A day after winning the Spring Grand Sumo Tournament in Tokyo and virtually assuring a promotion to rejoin sumo's second highest rank of ozeki, Terunofuji expressed his appreciation. 

"When I was injured and in a wheelchair, I found myself trying desperately to live," he said at an online news conference on March 29. "I learned how important a day means at that time. I think I have reached the point here thanks to the support from the people around me."

The Japan Sumo Association will formally decide on Terunofuji's promotion to ozeki on March 31.

His remarkable turnaround in fortune is being called the "biggest comeback" in the traditional sport's history. 

Terunofuji smiles while holding the Emperor’s Cup after winning the Spring Grand Sumo Tournament in Tokyo on March 28. (Pool)

The sekiwake clinched his third top-division championship with a 12-3 record in the Spring Grand Sumo Tournament on March 28.

“This is a result of me doing my best desperately and positively, trying to make every day count,” Terunofuji said during an interview after his victory over ozeki Takakeisho to seal the Emperor's Cup. 

“Thank goodness I believed in doing that,” he added.

It has been a long and rocky road back for the wrestler, originally from Mongolia, who burst onto the scene in making his juryo debut in September 2013. 

Terunofuji rose to the ozeki ranks in 2015. He became a formidable presence in the dohyo, as his strength and power overwhelmed his opponents, and he appeared to be impervious to nerves.

But injuries to both knees and also diabetes and hepatitis sapped his strength. 

After the fall tournament in September 2017, Terunofuji tumbled from the ozeki ranks. He often was forced to pull out of a tournament.

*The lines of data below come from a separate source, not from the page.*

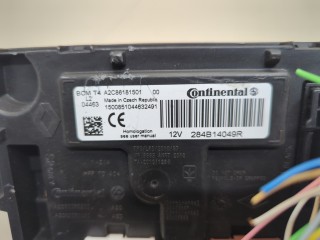 Блок управления бортовой сети (Body Control Module), ориг. номер 284B14049R, Dacia Sandero 2012-2016
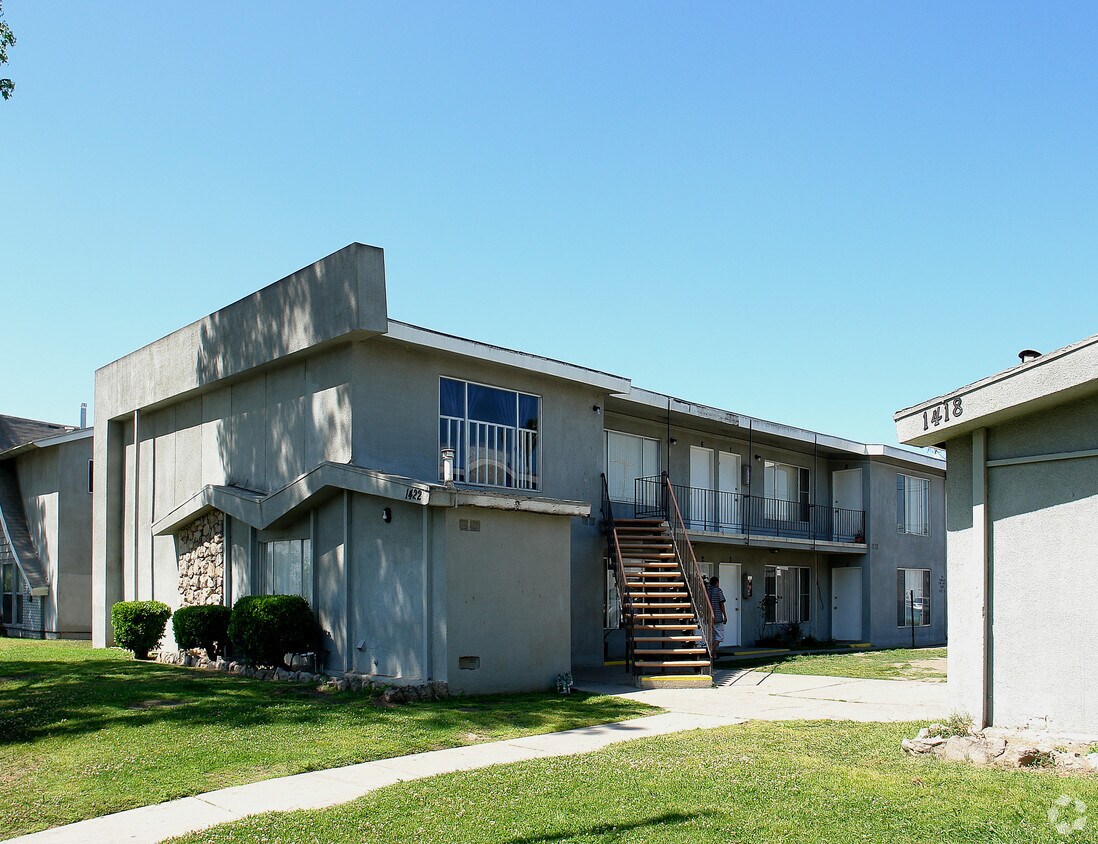 Foto principal - 1422 S Raitt St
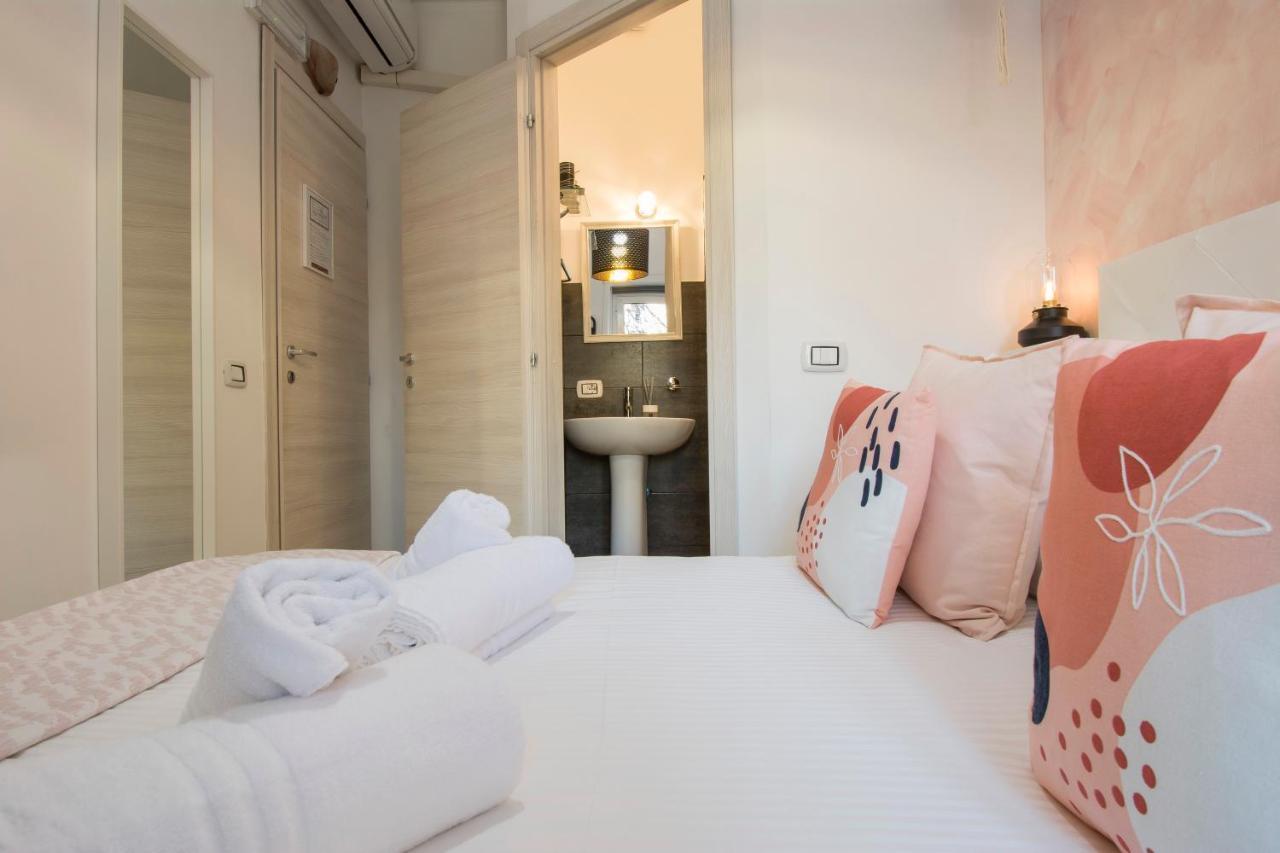 Deluxe Double Room Shower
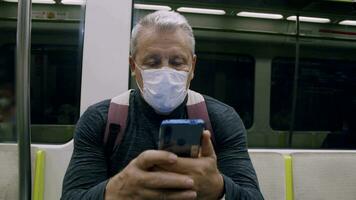 uma homem com uma Smartphone dentro uma metrô carro video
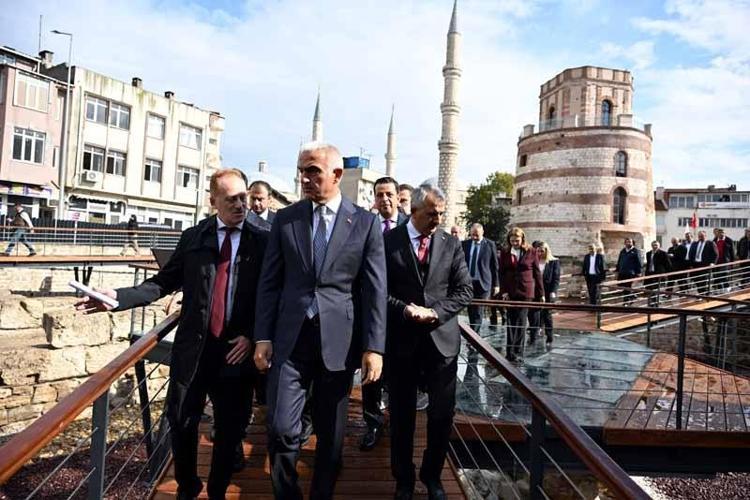 Bakan Ersoy: Kütüphaneleri çoğaltmak, toplumumuzun düşünce dünyasını zenginleştirmektir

More than once or twice, he told his stablemaster Isegahama that he wanted to quit.

But a few things kept him going.

One was his wife, whom he married in February 2018.

Embarking on a comeback, he gave up drinking, a vice that he loved. His wife cooked meals for him based on nutritional advice from his doctor.

In March 2019, Terunofuji returned to the dohyo at the Spring Grand Sumo Tournament held in Osaka for the first time after sitting out four consecutive tournaments.

He had to start over again from sumo’s second-lowest jonidan division, a humbling fall for someone who had once been one of the sport's most promising stars.

Terunofuji competed in the morning matches, in front of only a sprinkling of spectators, hours before the stands would start filling up for the top division bouts. 

Terunofuji was no longer in the top two professional sekitori divisions, which means he did not receive a monthly salary or any of the perks, including having an assistant to take care of his chores.

In the dressing room before his bouts, he sat quietly in a corner close to the entrance.

After each bout, Terunofuji removed the tape from his body and would take off the mawashi on his own. He then cleaned his space and would vacate the room before sekitori wrestlers arrived for their prime-time bouts.

While doing so, he was often heard muttering, “Ouch!” apparently in pain even while performing mundane tasks.

But since then, Terunofuji has kept his record over .500 as he made steady progress in climbing back up the ranks. 

At the July Grand Sumo Tournament in 2020, the then No. 17 maegashira came out of nowhere to win his first top division championship since 2015, with a stunning 13-2 record. 

“I’m going back to where I once was,” Terunofuji kept telling himself, aiming to reclaim his ozeki rank.

With his latest double-digit tally of wins, he has far cleared the Japan Sumo Association's bar of 33 wins in the latest three tournaments to be promoted to ozeki.

Terunofuji has 36, including the championship, to make the association's decision a mere formality. 

No wrestler has returned to ozeki after falling to maegashira or the lower ranks under the current system, which was established at the tourney in Nagoya in 1969, except Kaiketsu, who accomplished the return from No. 6 maegashira in 1977.

If Terunofuji becomes an ozeki again, it will mark a historic achievement. 

Fans are also filled with high expectations that Terunofuji will continue his inspiring comeback and someday win promotion to yokozuna, the sport's highest rank.

“If I keep doing my very best each and every tournament, it will lead to the next thing,” he said.